We have seen how dimensionality reductions are distorted, and how this distortion comes about. We have also seen how to code a simple distortion metric in R.

What should we make of all this? The honest yet disappointing answer is: *I don't really know*.

Knowing which parts of a UMAP are less trustworthy than others is still very much a visual exercise, and it is difficult to incorporate this information in the biological interpretation of data. For sure, one has to 1. look at data from several different angles, including the visual one and 2. validate, validate, validate. No biological result exists in a vacuum, and it is important that we connect observations to one another to make sense of all this work.

This post was inspired by a complex debate ongoing on Twitter since a long time, which you can follow in its inception here. Lior Pachter's thread(s) include lots of theory, including the mention of the Johnson-Lindenstrauss lemma, and map distortion. There are a few important things to learn from that debate, but unfortunately there are still some questions that, to me, are left unanswered: are all UMAPs wrong?

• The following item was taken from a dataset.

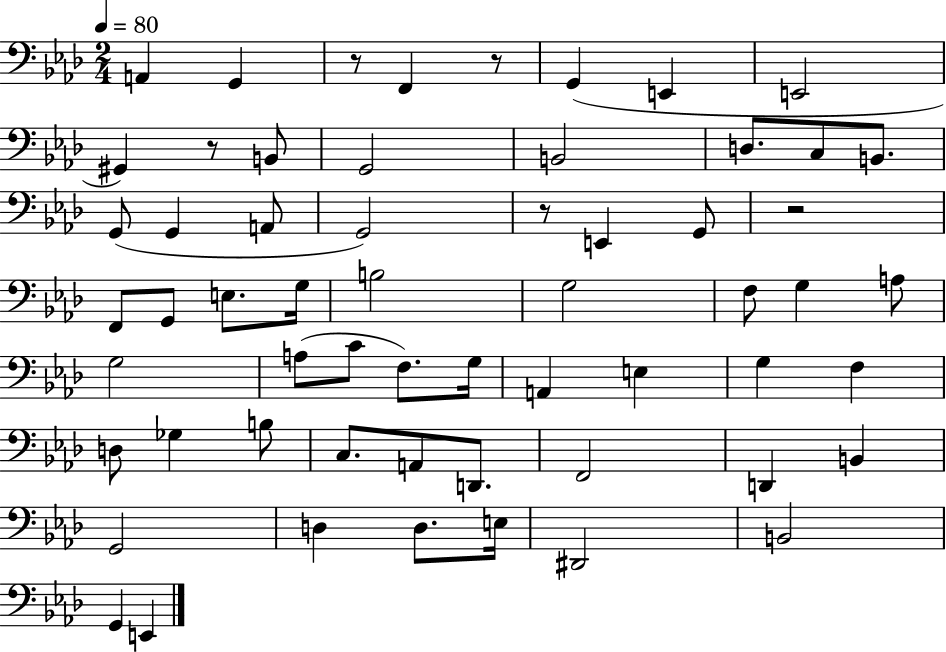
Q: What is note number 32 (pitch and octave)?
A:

Are some more useful than others? Is there no way to craft a 2D embedding that does not lie? Or should we outright dismiss them all? What should computational biologists and other users of analysis tools do?

## Footnotes

1 The Johnson-Lindenstrauss lemma states that given a set of n points in an Euclidean space, it is possible to find a lower dimensional representation in k dimensions such that k ≥ O((log n)/(epsilon\^2)) where the distances between any two points are not distorted more than a factor of 1 ± epsilon. So if we consider a dataset with 1000 points, and a 10% error on the distances (epsilon = 0.1), we see that we need at least 690 dimensions. For an average dataset with 30,000 cells the upper bound of a 10% error is guaranteed with at least 1030 dimensions. What happens if we further decrease our dimensionality to 2? The error is no longer guaranteed, or rather we can esimate that the epsilon for k = 2 and n = 30,000 would be 2.27, i.e. 2D distances would be distorted up to a factor of of 1 ± 2.27.